## AIM OF THE TASK
Omitting every picture, copy the lines from the one that contains "Smiling woman wearing" through the last line of the records below, exactly and with nothing added.

## SOURCE DATA
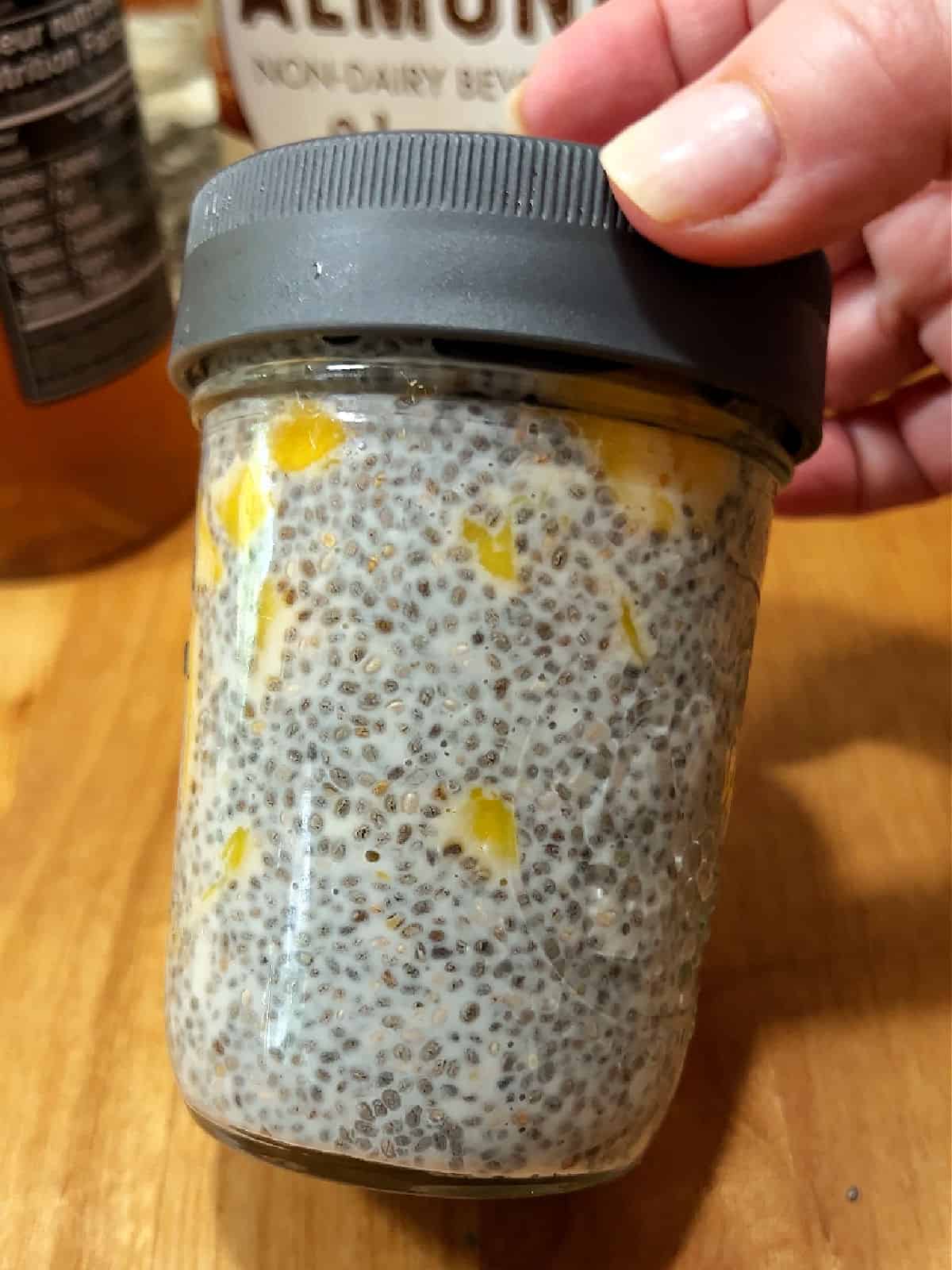 Covered jar of mango chia pudding ready to refrigerate.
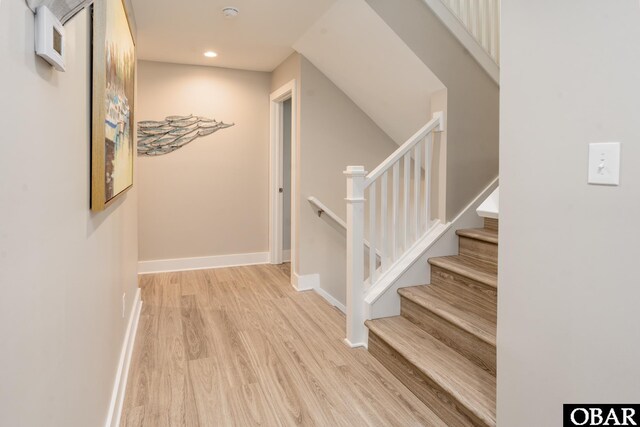 stairs with recessed lighting, wood finished floors, and baseboards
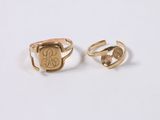a pair of gold rings with initials on them on a white surface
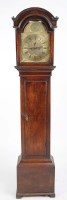 Lot 1268 - An oak longcase clock, the brass roman dial...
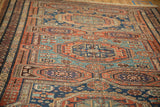 Angled view of repeating gul medallions and complex serpent borders on an antique Soumac carpet.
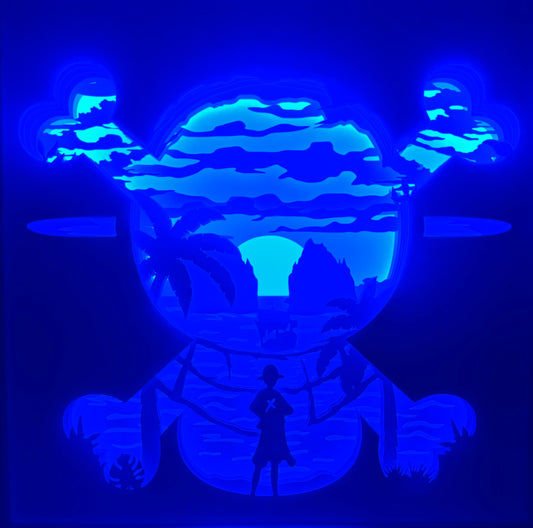 One Piece, Luffy, Monkey D Luffy, Mugiwara, Chapeau de paille, Gear 5, Grand Line, Thousand Sunny, aventure pirate, anime culte, manga pirate, Eiichiro Oda, univers One Piece, silhouette Luffy, coucher de soleil tropical, îles exotiques, tableau lumineux One Piece, lightbox anime, shadowbox manga, cadre lumineux pirate, décoration geek, papier découpé, idée cadeau otaku, décoration murale manga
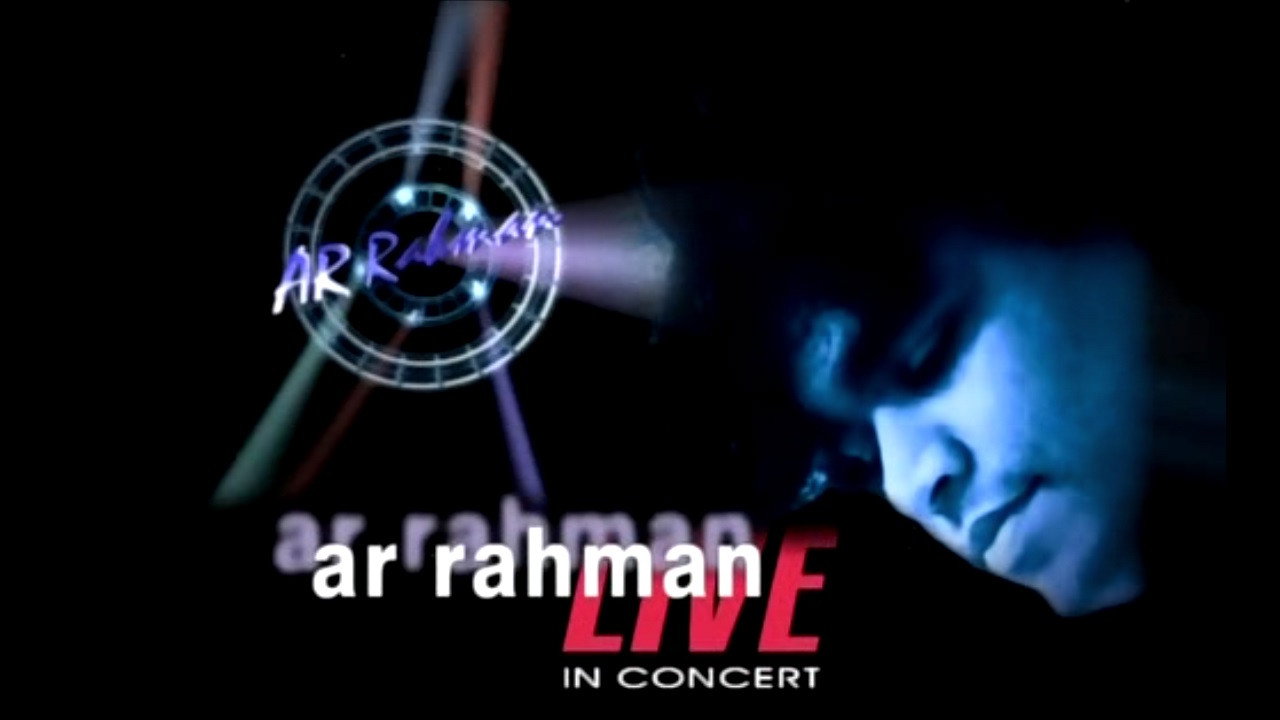 A film composer seated at a studio mixing console, headphones around his neck, sheet music and a tanpura beside him, warm lamplight falling across the keys of a keyboard, calm and workmanlike mood, cinematic wide shot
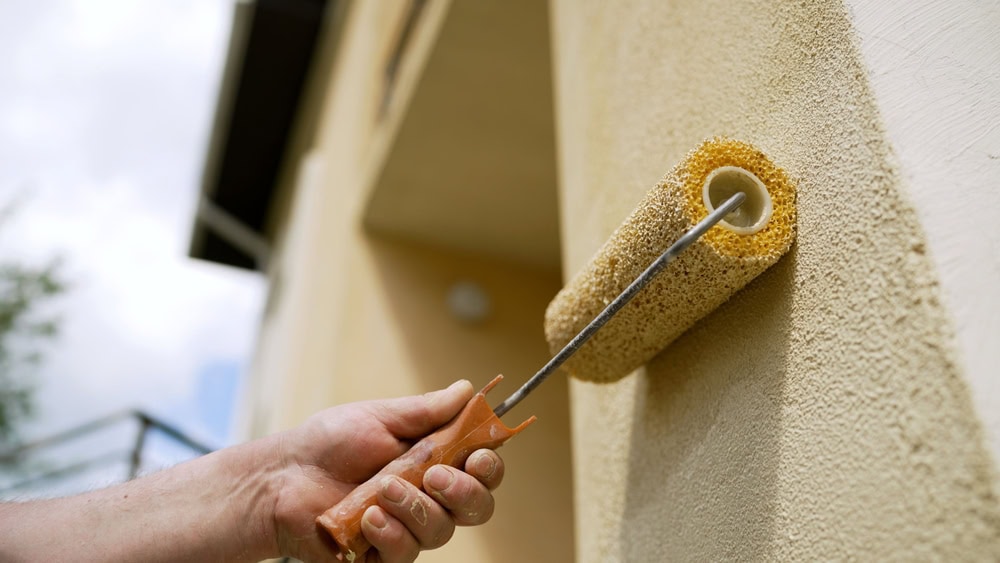 A close-up of a hand using a paint roller to apply light yellow paint to an exterior wall of a building.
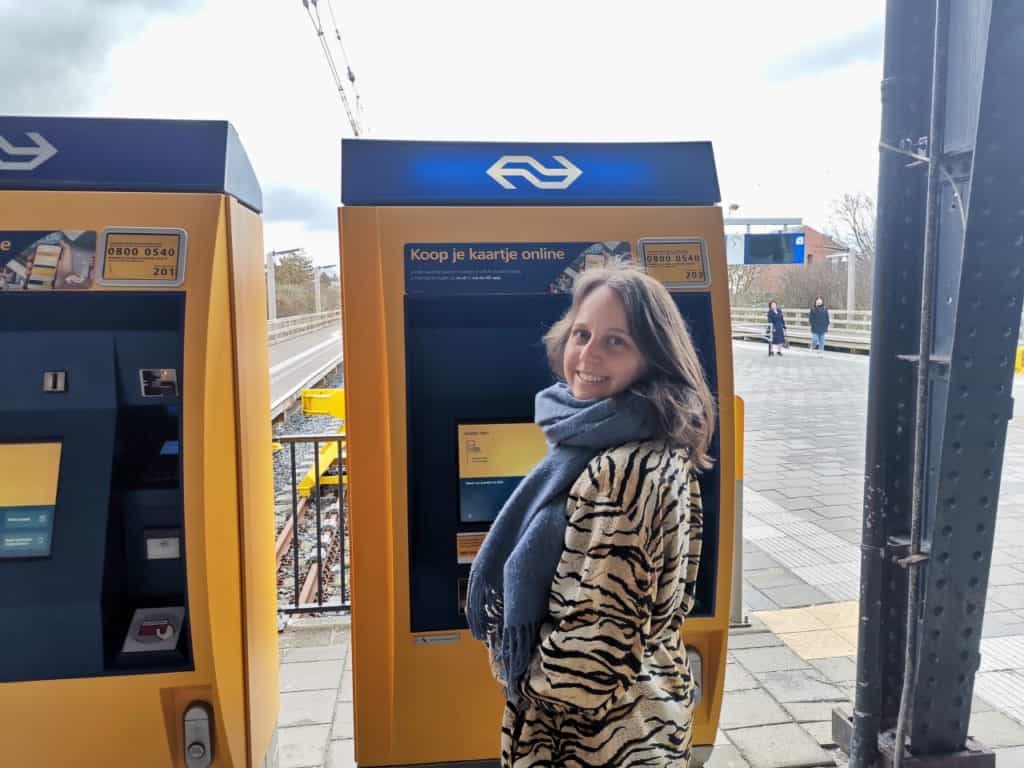 Marie steht am Ticketautomat im Bahnhof von Zandvoort auf dem Weg nach Haarlem.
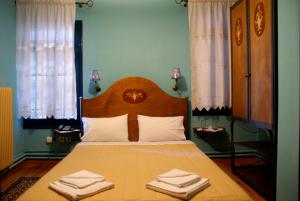 House Mitsiou Traditional Inn في أرنايا: غرفة نوم عليها سرير وفوط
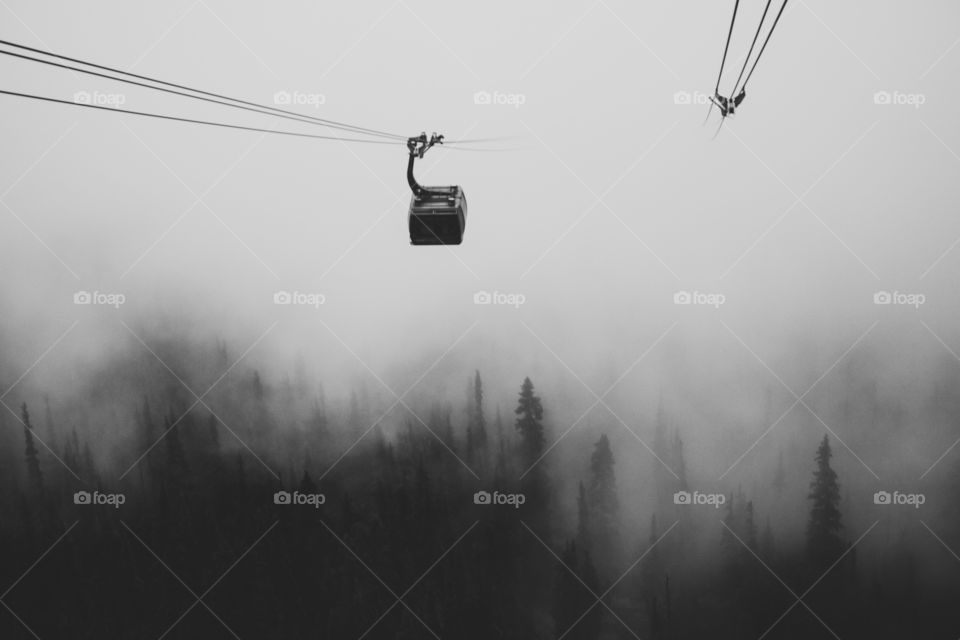 gondola over the forests and fog of Whistler, BC
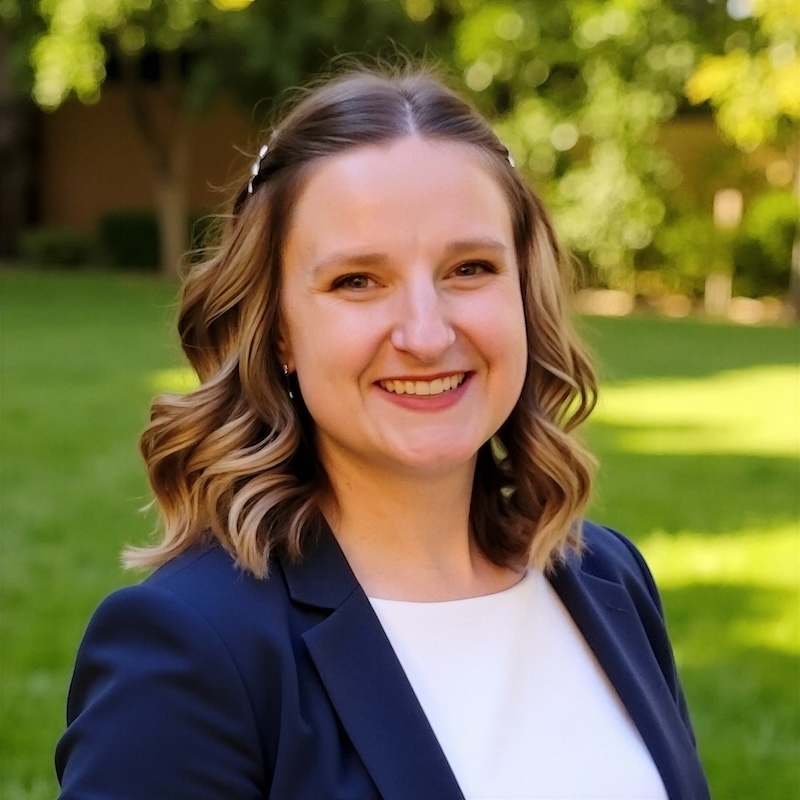 Smiling woman wearing a dark blue blazer and white shirt.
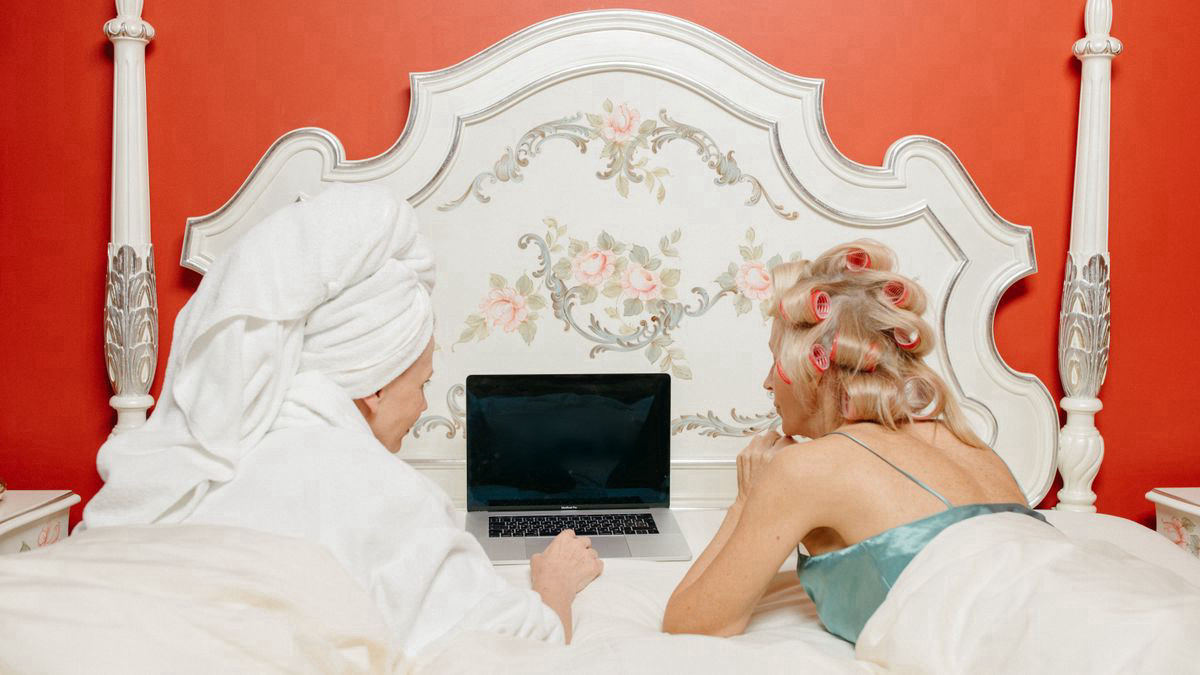 Two friends watching a film together on a laptop screen at home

## OUTPUT OF THE TASK
 Smiling woman wearing a dark blue blazer and white shirt.
 Two friends watching a film together on a laptop screen at home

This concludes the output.